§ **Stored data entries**
---------------

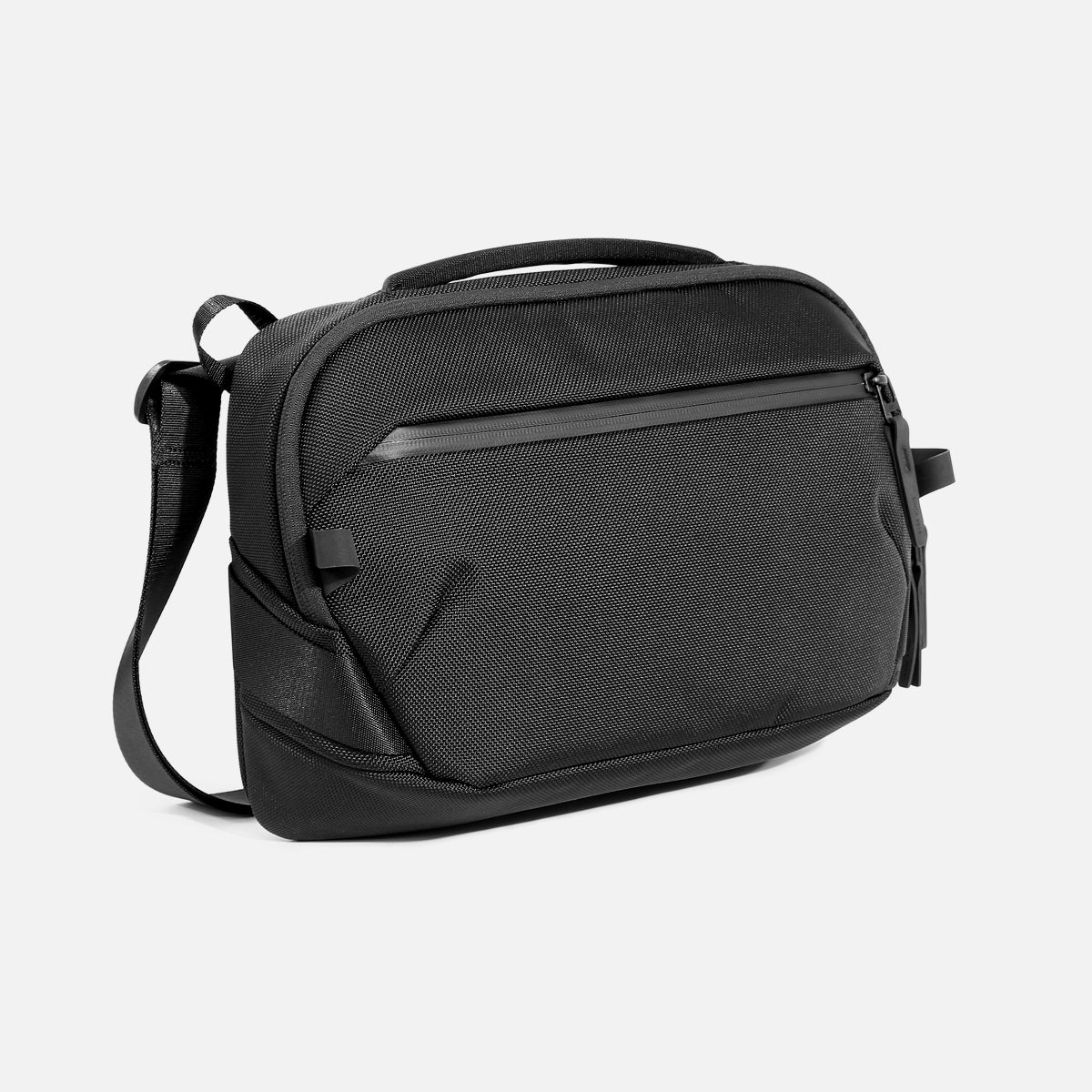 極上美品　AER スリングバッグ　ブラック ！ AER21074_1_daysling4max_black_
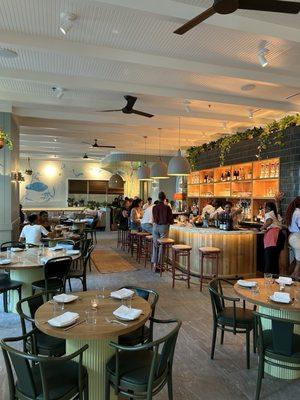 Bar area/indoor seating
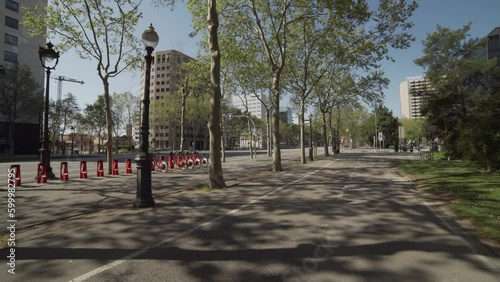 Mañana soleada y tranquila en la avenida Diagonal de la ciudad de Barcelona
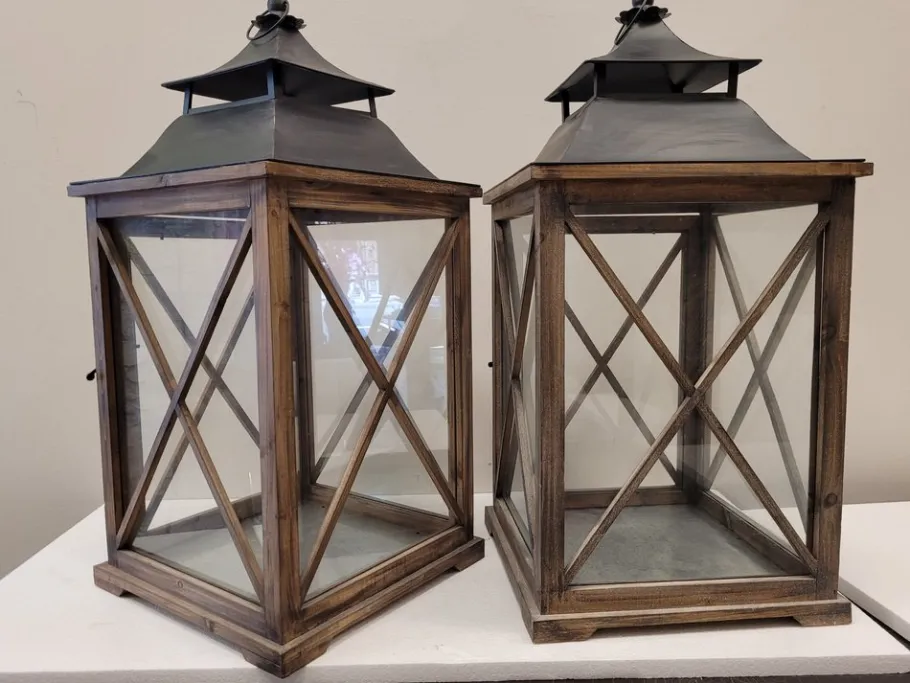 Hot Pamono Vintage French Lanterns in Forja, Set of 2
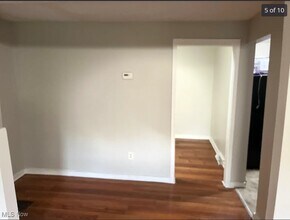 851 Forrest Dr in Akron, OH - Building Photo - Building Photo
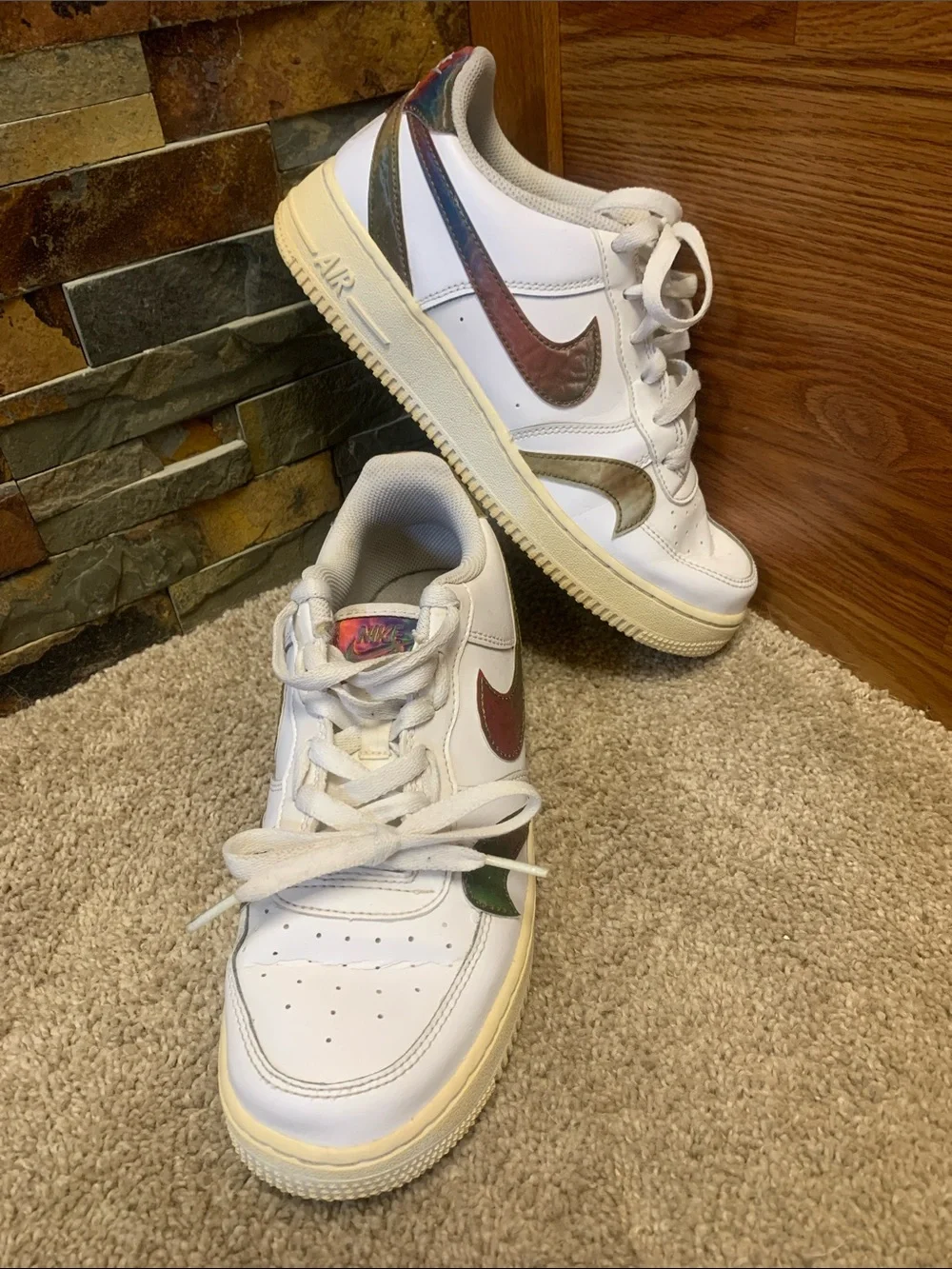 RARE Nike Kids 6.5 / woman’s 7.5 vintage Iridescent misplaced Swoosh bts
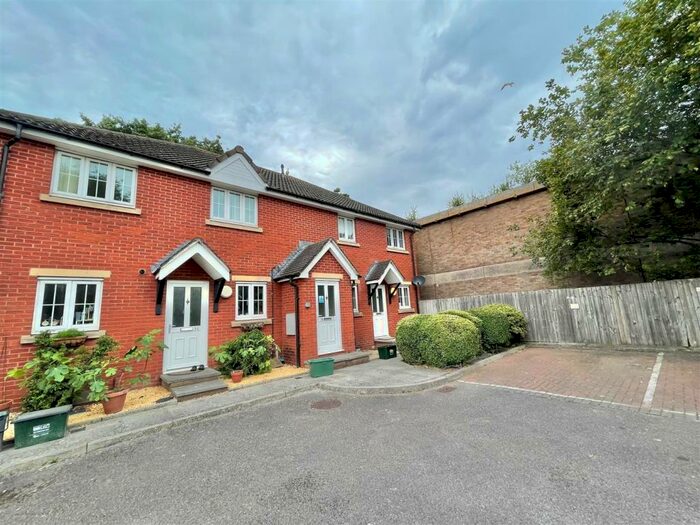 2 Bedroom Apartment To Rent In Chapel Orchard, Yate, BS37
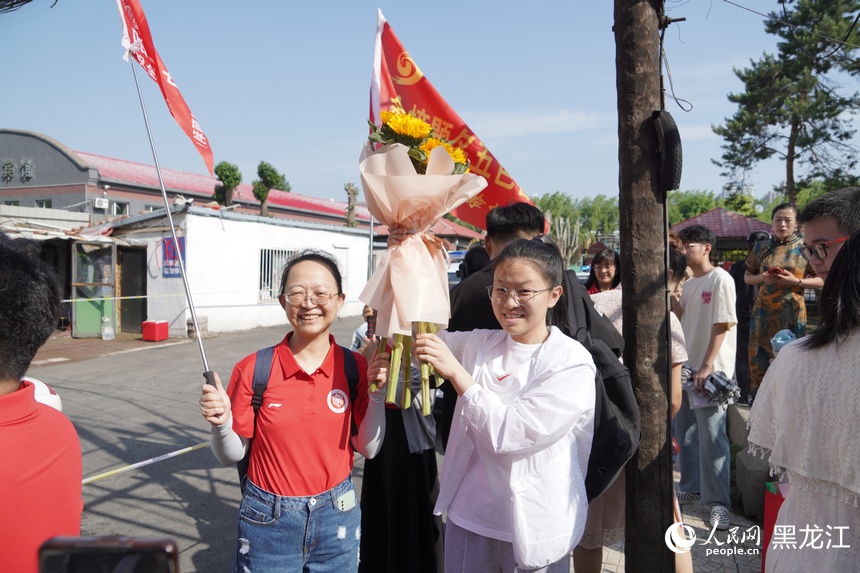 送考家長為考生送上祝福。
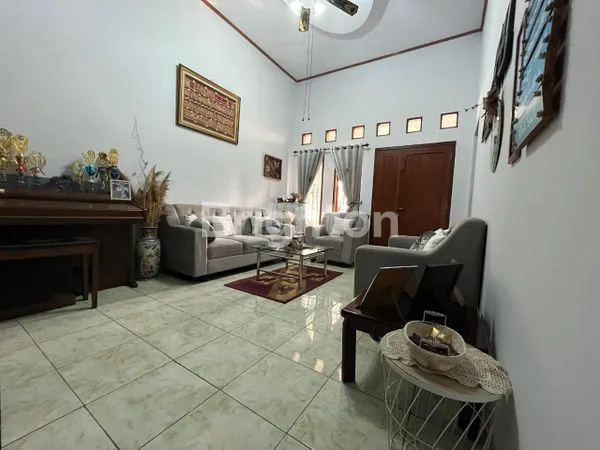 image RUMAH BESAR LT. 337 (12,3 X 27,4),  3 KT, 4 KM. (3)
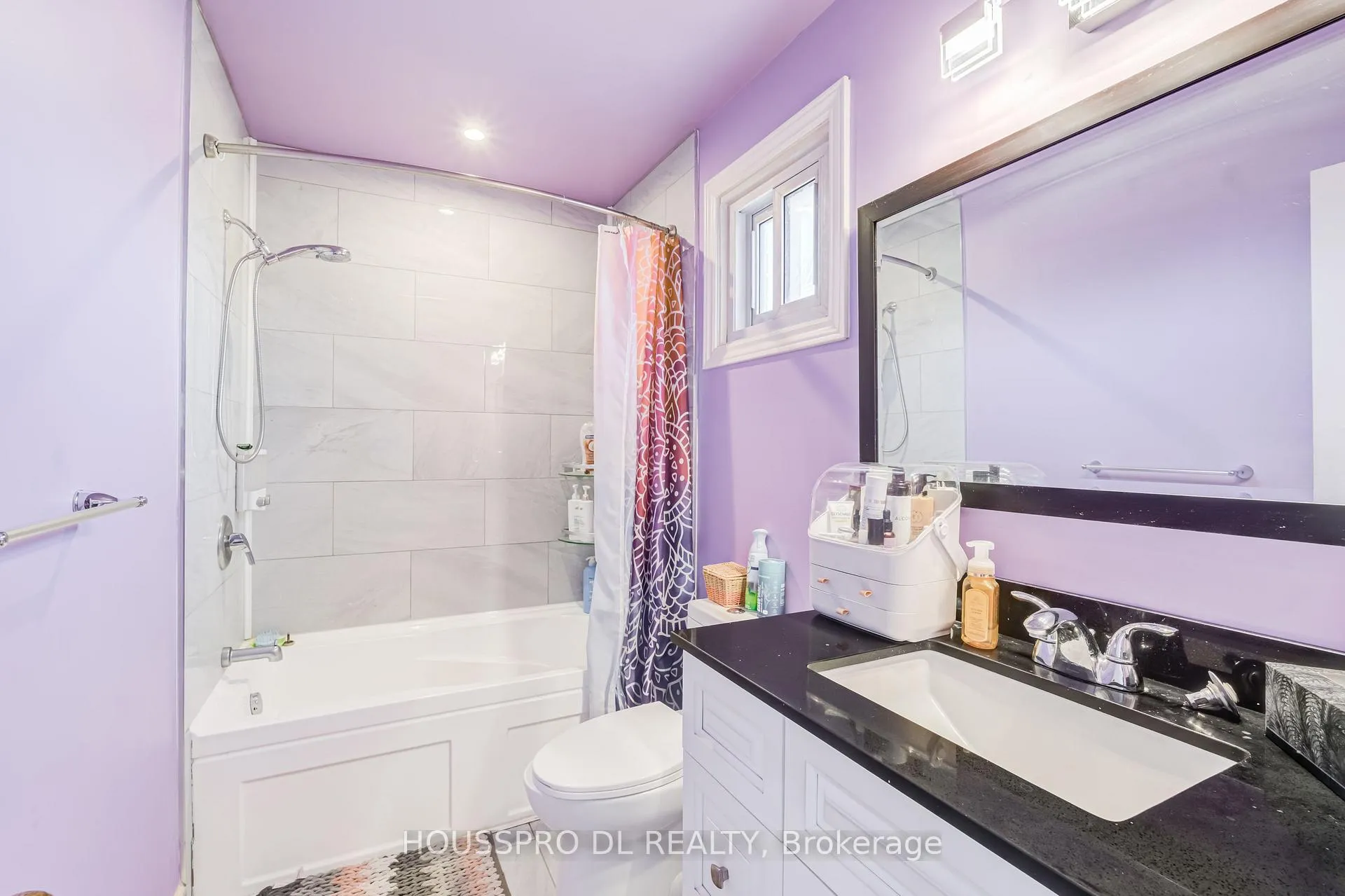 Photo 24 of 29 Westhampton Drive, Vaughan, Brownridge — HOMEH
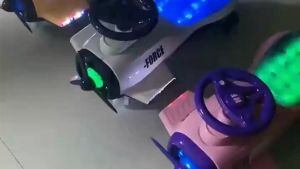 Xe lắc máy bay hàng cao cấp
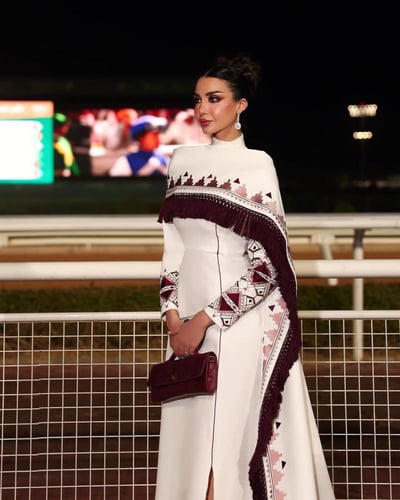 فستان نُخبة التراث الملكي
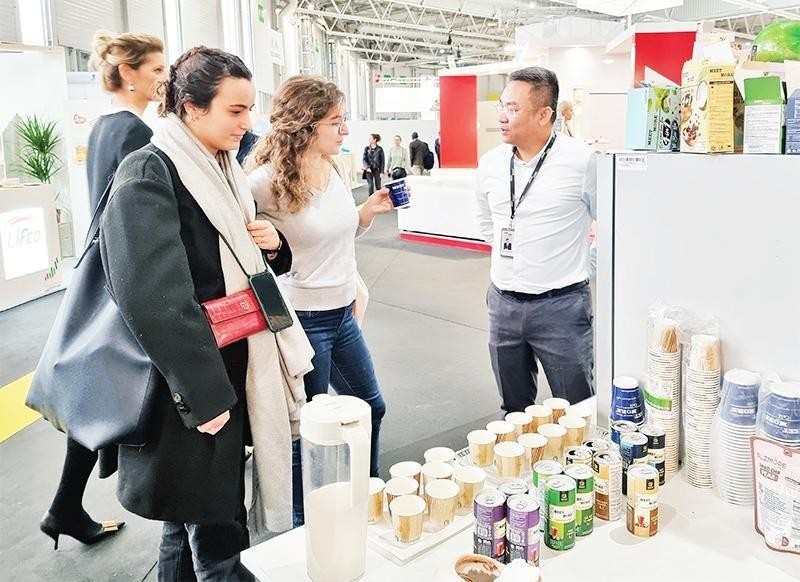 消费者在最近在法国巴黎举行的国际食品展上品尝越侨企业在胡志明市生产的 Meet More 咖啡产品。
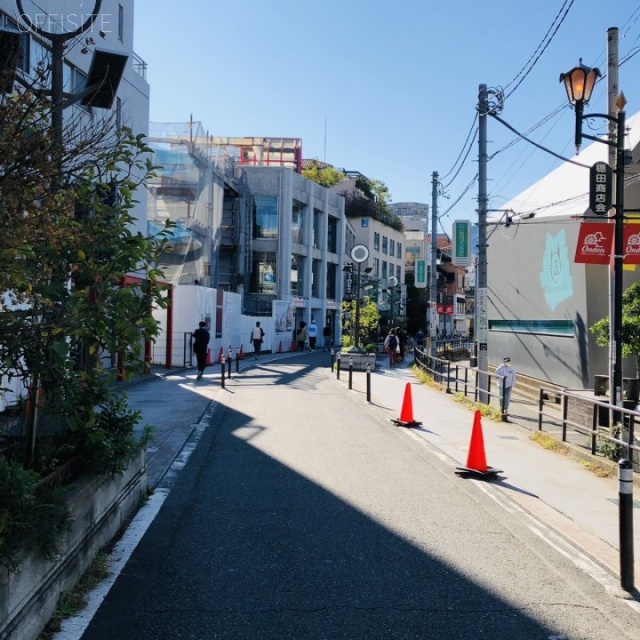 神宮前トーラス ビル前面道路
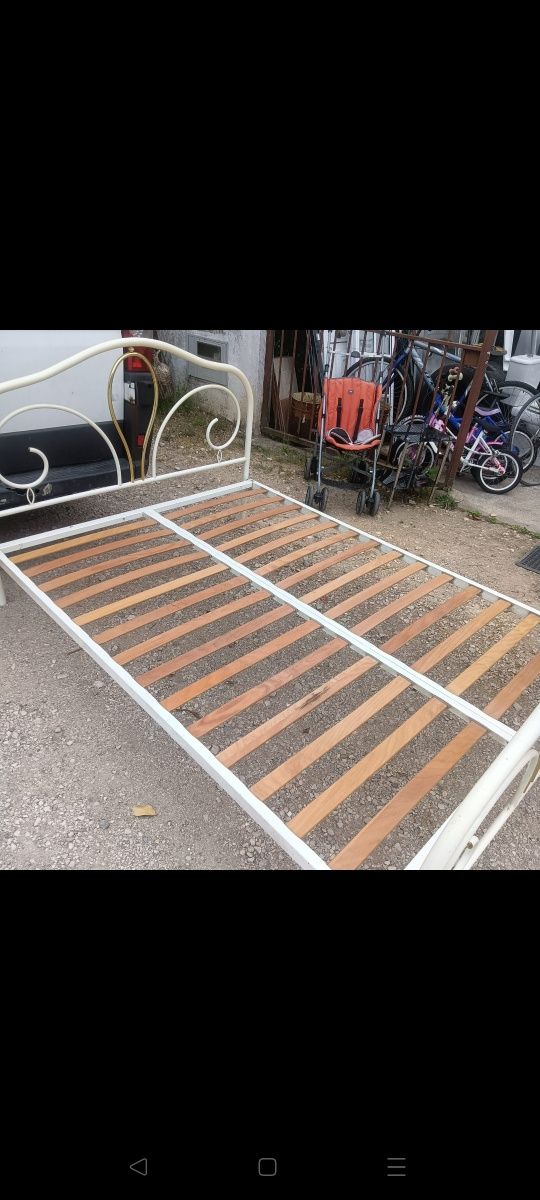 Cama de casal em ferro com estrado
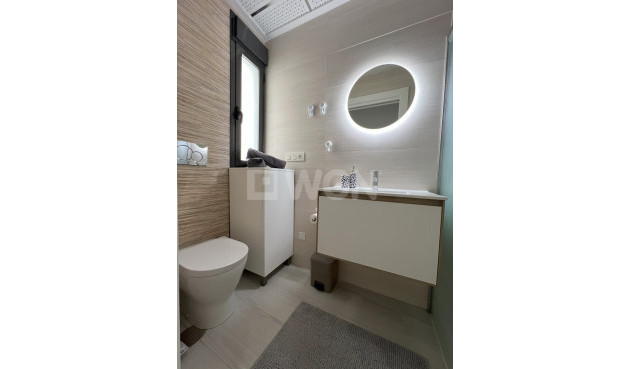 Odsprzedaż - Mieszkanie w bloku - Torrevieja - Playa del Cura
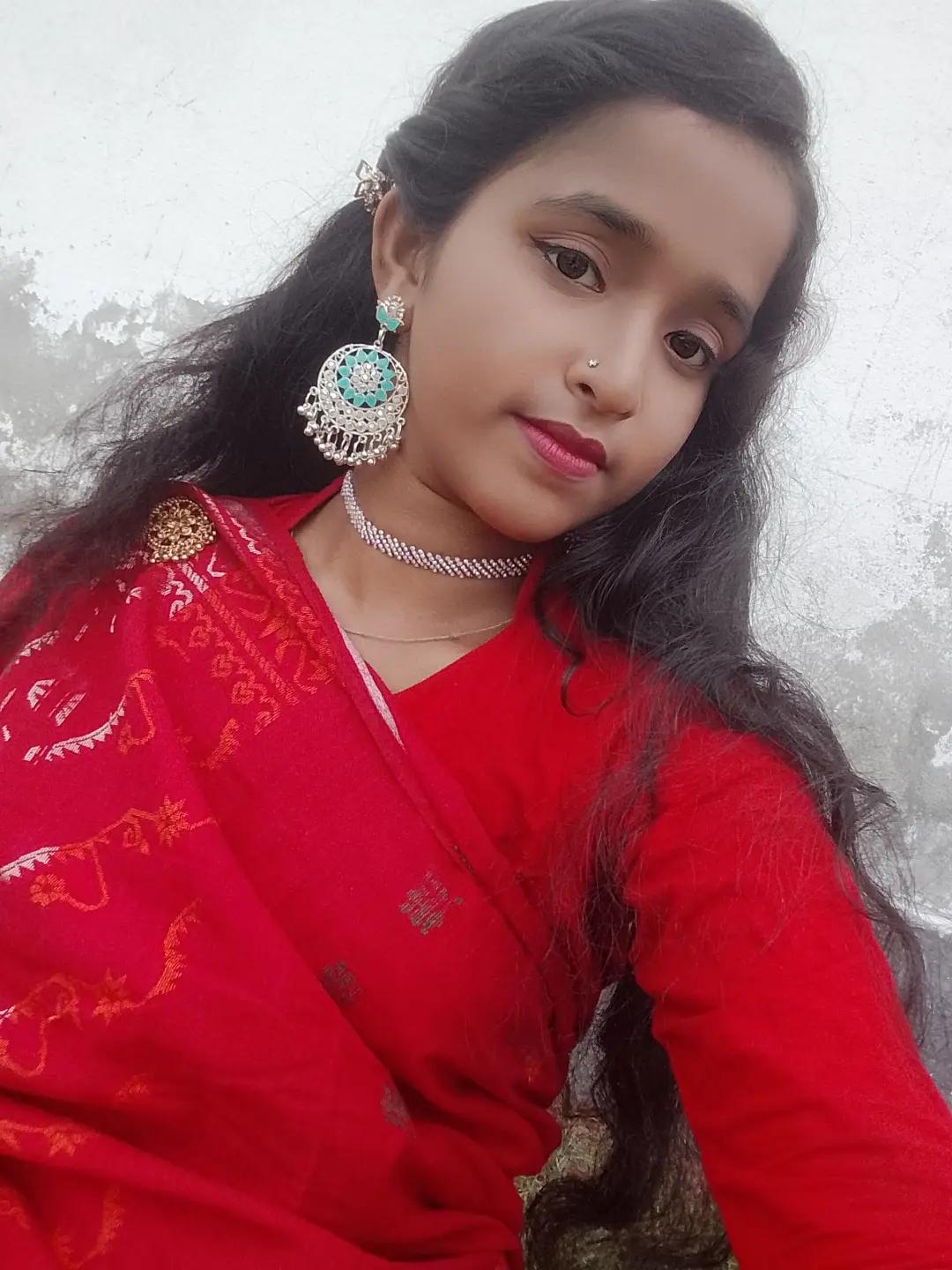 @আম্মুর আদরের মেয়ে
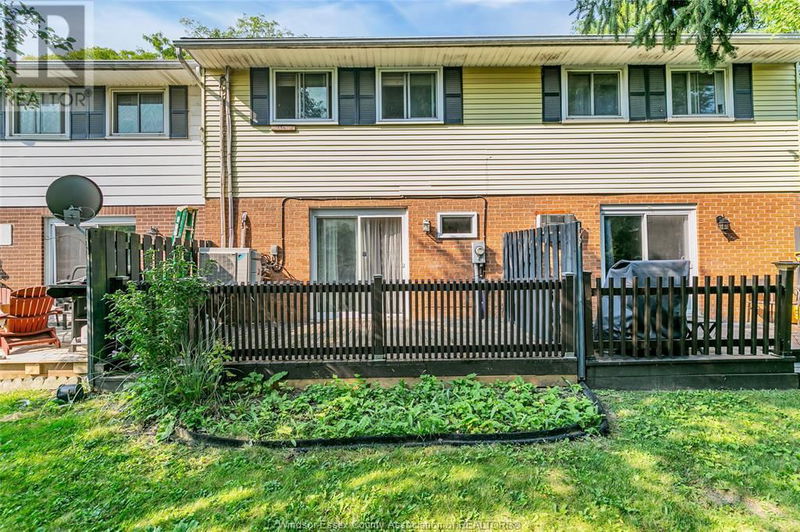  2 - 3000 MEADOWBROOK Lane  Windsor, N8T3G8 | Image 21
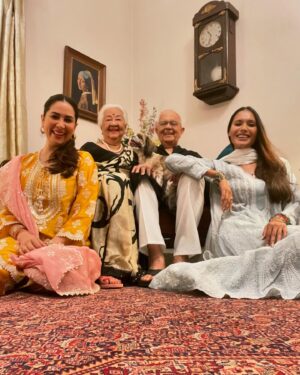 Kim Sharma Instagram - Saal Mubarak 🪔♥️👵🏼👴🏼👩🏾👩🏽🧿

---------------

§ **Assignment**
Word for word, return all the entries and skip their pictures.

§ **Your solution**
 極上美品　AER スリングバッグ　ブラック ！ AER21074_1_daysling4max_black_
 Bar area/indoor seating
 Mañana soleada y tranquila en la avenida Diagonal de la ciudad de Barcelona
 Hot Pamono Vintage French Lanterns in Forja, Set of 2
 851 Forrest Dr in Akron, OH - Building Photo - Building Photo
 RARE Nike Kids 6.5 / woman’s 7.5 vintage Iridescent misplaced Swoosh bts
 2 Bedroom Apartment To Rent In Chapel Orchard, Yate, BS37
 送考家長為考生送上祝福。
 image RUMAH BESAR LT. 337 (12,3 X 27,4),  3 KT, 4 KM. (3)
 Photo 24 of 29 Westhampton Drive, Vaughan, Brownridge — HOMEH
 Xe lắc máy bay hàng cao cấp
 فستان نُخبة التراث الملكي
 消费者在最近在法国巴黎举行的国际食品展上品尝越侨企业在胡志明市生产的 Meet More 咖啡产品。
 神宮前トーラス ビル前面道路
 Cama de casal em ferro com estrado
 Odsprzedaż - Mieszkanie w bloku - Torrevieja - Playa del Cura
 @আম্মুর আদরের মেয়ে
  2 - 3000 MEADOWBROOK Lane  Windsor, N8T3G8 | Image 21
 Kim Sharma Instagram - Saal Mubarak 🪔♥️👵🏼👴🏼👩🏾👩🏽🧿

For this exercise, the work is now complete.